D’après l’étude, les records du 1 500 mètres (ou sur des courses plus longues d’ailleurs) suivent d’abord un même modèle : un premier tour rapide, suivi par une décélération progressive au cours des deuxième et troisième tours, puis un quatrième tour rapide. Mais voilà que ce modèle en ″U″ s’aplanit à mesure que le siècle avance. Comparé à leurs temps moyens, les premier et troisième tours des recordmen continuent d’être respectivement plus rapide et plus lent que les autres, mais pas de façon aussi tranchée qu’avant. Les athlètes ont ″appris″ à adopter une foulée plus régulière – on peut donc prédire de nouvelles évolutions si le CV moyen passe dans le futur sous le seuil des 1%.
Des coureurs comme Haile Gebreselassie suivent-ils le même chemin lorsqu’ils battent leur record personnel ? Passe-t-on de 26’43 à 26’22 en ajustant sa foulée et en produisant un effort plus régulier ?

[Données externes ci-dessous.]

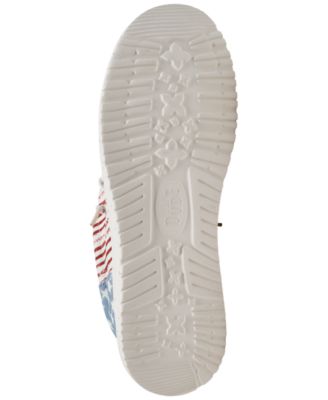 Men's Wally Americana Casual Moccasin Sneakers from Finish Line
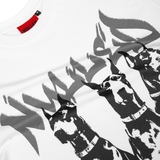 Áo thun màu trắng in hình Unleashed Tee N-T11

Pour répondre à cette question, Carl Foster et son équipe ont une fois de plus fouillé les archives des records du monde. Ils se sont cette fois-ci plus particulièrement penchés sur les occurrences d’athlètes ayant battu leur record personnel aux 1 500, 5 000 ou 10 000 mètres. Résultat : 22 coureurs et 35 records battus (citons par exemple Emil Zàtopek, qui a battu le record du 10 000 mètres à cinq reprises).

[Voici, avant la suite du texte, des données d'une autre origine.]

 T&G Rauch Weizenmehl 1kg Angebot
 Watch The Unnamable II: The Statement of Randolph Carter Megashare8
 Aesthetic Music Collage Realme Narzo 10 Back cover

Les données ne montrent pas, en revanche, de changement (optimisation) dans le rythme de course des athlètes entre leur premier et leur second record.
Voici le rythme moyen avant/après constaté :

Les chercheurs ont également conduit une expérience auprès de coureurs amateurs. On leur a demandé de courir 10 km, puis de suivre un programme d’entraînement plus intense (avec trois séances par semaine) avant de courir de nouveau un 10 km. Comme on pourrait s’y attendre, les temps se sont améliorés chez tout le monde, de 6,8% en moyenne. En revanche, aucun changement majeur dans le CV (passé de 4,4 à 4,8%). Avant comme après, leur allure ressemble à s’y méprendre à celle constatée dans les records du 10 000 mètres :

Alors comment un athlète parvient-il à battre son propre record personnel ? Pour la plupart des coureurs amateurs de l’étude, il a suffit d’un entraînement plus poussé, donc d’une condition physique optimisée… Qui a, à son tour, permis à chacun de repousser un peu plus ses limites. Voici le taux d’effort physique perçu (RPE en anglais), basé sur du déclaratif et situé sur une échelle de 0 à 10, pour chacune des deux courses. On voit que les participants ont eu le sentiment de fournir un peu plus d’efforts durant la seconde (ligne en pointillés) :

J’ai toujours pensé qu’apprendre à dépasser ses propres limites était un aspect sous-estimé du processus d’entraînement, au-delà du simple pan physiologique. Difficile cependant d’appliquer l’idée aux recordmen : les auteurs de l’étude affirment, en toute logique, que quelqu’un qui est déjà en mesure de réaliser une telle prouesse ne pourrait pas aller beaucoup plus loin en matière de forme physiologique. Peu de chance également que le coureur découvre soudainement comment repousser un peu plus encore ses limites. Cette nouvelle étude montre enfin que les athlètes n’accélèrent pas plus leur foulée d’un record à l’autre.
L’amélioration du chrono (traditionnellement de 0,5 à 0,9%) semble donc être due à ce que les chercheurs nomment les ″variables contextuelles″ : les conditions météo, le type de surface, les adversaires autour, ou à de légers mouvements dans les variables biologiques (il y a des jours où on a vraiment la grosse patate, non ?). Si c’est bien le cas, on peut en tirer la conclusion suivante : pas besoin de maîtriser l’art subtil du rythme parfait, mais simplement d’enfiler ses chaussures et de courir. À force de lancer les dés, on finit bien par obtenir le double six tant convoité.